- _YOUR TASK_
Write the listing out again word for word. Pictures do not belong in the copy.
-------- DATA PROVIDED --------
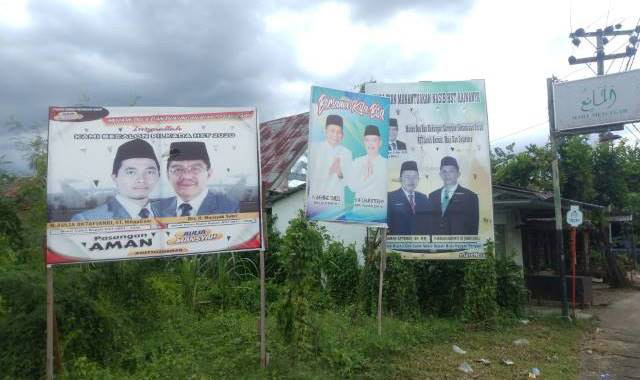 TUNGGU ATURAN: Beberapa baliho kandidat pasangan bupati yang terpasang di HST.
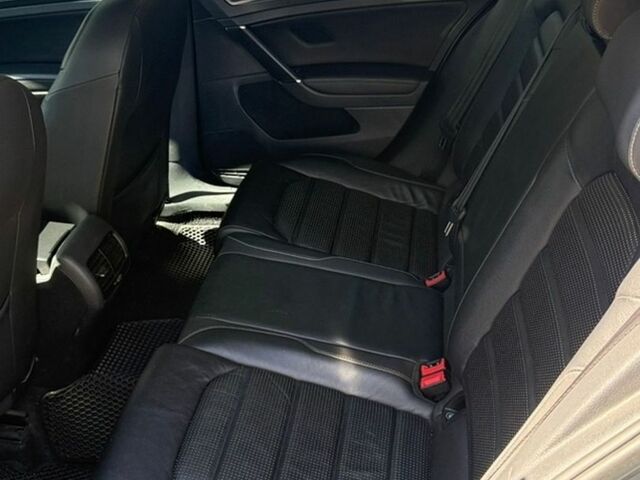 Сірий Фольксваген e-Golf, об'ємом двигуна 0 л та пробігом 119 тис. км за 13990 $, фото 11 на Automoto.ua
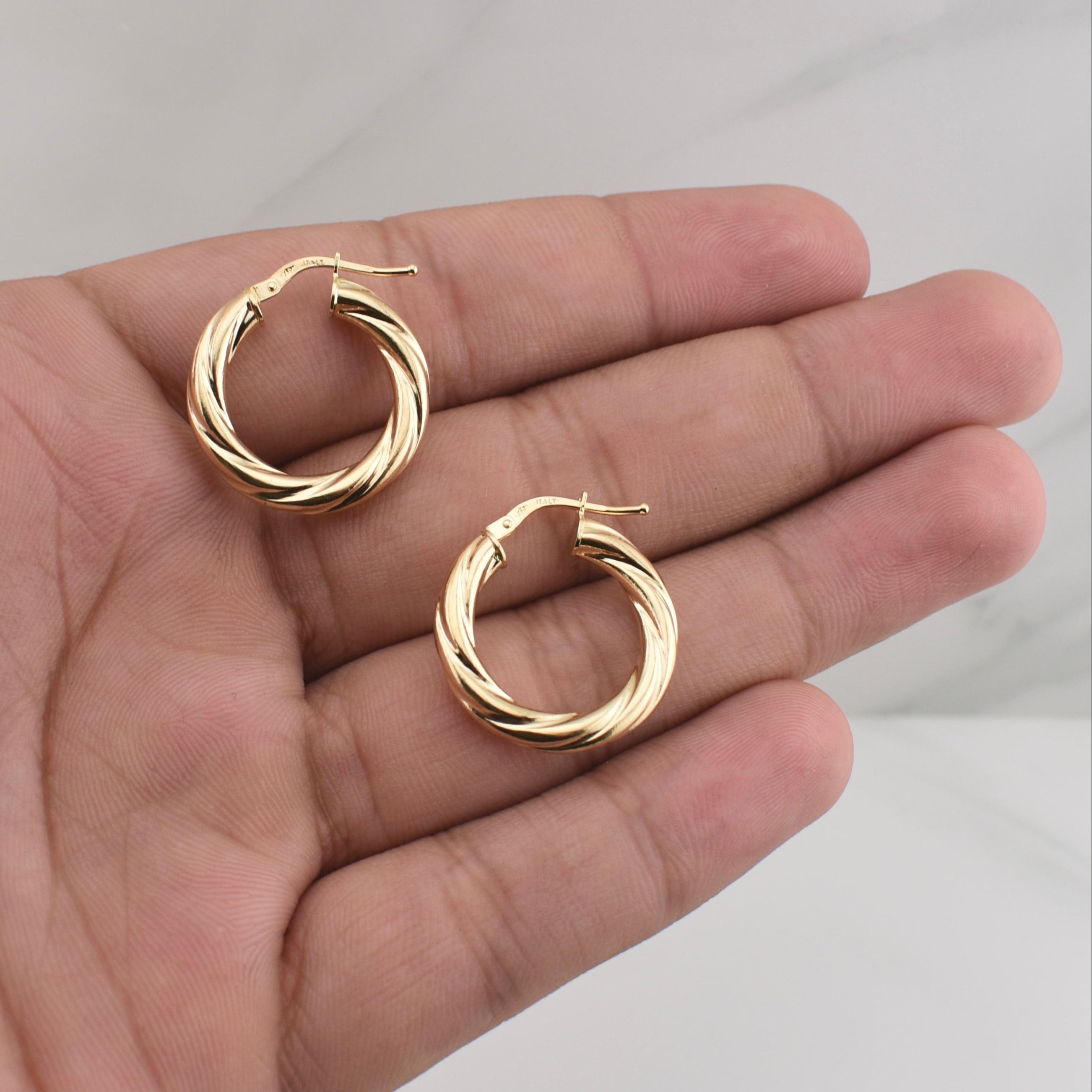 Candongas Mary 2.5gr / 1 in / Oro Amarillo +4 18K !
--------
- _FINISHED EXERCISE_
 TUNGGU ATURAN: Beberapa baliho kandidat pasangan bupati yang terpasang di HST.
 Сірий Фольксваген e-Golf, об'ємом двигуна 0 л та пробігом 119 тис. км за 13990 $, фото 11 на Automoto.ua
 Candongas Mary 2.5gr / 1 in / Oro Amarillo +4 18K !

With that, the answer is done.